Note that output (Q) is a function of labour


(L) and capital (K). Note that capital (K) is
constant.

DETERMINATION OF EQUILIBRIUM FULL EMPLOYMENT AND OUTPUT

As stated above once equilibrium labour has


been determined in the labour market,
equilibrium output will now be determined.
Thus according to the classical theory of
employment both equilibrium levels of income
and employment are determined largely in the
labour market as shown in the graph.

Note that the first graph shows the


determination of equilibrium labour (Lo) and
wage (Wo) in the labour market.

In the second graph equilibrium labour (Lo)

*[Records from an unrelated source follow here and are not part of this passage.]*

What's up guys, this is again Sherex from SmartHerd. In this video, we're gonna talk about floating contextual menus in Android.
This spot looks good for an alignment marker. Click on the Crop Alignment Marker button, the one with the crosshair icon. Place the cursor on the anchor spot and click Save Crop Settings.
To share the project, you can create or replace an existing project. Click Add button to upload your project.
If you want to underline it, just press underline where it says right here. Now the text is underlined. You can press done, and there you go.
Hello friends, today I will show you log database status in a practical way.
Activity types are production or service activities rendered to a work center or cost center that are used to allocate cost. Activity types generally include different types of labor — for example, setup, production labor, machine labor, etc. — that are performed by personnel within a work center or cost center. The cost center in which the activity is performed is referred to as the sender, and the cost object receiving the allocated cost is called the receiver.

which is determined in the labour market is
now used to produce equilibrium output (Qo).
Note that capital is held constant

Note also that (1) equilibrium labour (Lo) is


full employment and therefore any
unemployment at equilibrium wage (Wo),
must be frictional, voluntary or restrictive in
the economy or stractural (2) for equilibrium
output (Qo), there will be sufficient aggregate
demand (AD) to take up the output in order to
maintain this equilibrium. That is supply of
goods and services create its own demand and consequently there cannot be overproduction or excess
supply as compared to the demand because supply creates its own demand. This is called the Says
Law after Jean Baptise Say.

In the circular flow of income households receive income equal to the value of goods and services
produced. However part of income is saved. Consumption shortfall by savings will be mate by
investment demand for as long as investment equals savings. The equality of Savings (I) and
investment (I) is made possible because the classicals assume that there is a competitive market for
loanable funds and that interest rate is flexible. For instance if demand for loanable funds exceed
supply of loans, interest rate will go up. We know that the rate interest is a cost of borrowing,
therefore, when interest rate goes up, firms become discouraged to borrow funds for investment
because it is costly for reason that profits of a firm reduce. Therefore when interest rate increases
investment will be reducing while savings will be increasing until a point is reached when investment
and savings are equal (equilibrium) and vice versa.

In summary, the classical system depends

 Dependence of investment and savings on interest rate

 Flexible wages, prices and interest rate

 Existence of competitive forces in the economy

Keyne’s criticism of the classical theory of employment assignment: students to make notes

THE KEYNESIAN THEORY OF EMPLOYMENT

PROPOUNDED BY JOHN MAYNARD KEYNES

According to the Keynesian theory of employment, the level of real national income/output is
determined largely by the level of aggregate demand (AD). This is different from the classical model
where supply creates its demand. Therefore, under the Keynesian model; it is demand which
determines how much is supplied. For instance if firms find themselves producing more than is being
demanded, they will observe involuntary increase in their inventories of unsold goods and will cut
back on production and lay off workers. Consequently national income/output will fall until the value
of what is produced equals the value of AD and vice versa.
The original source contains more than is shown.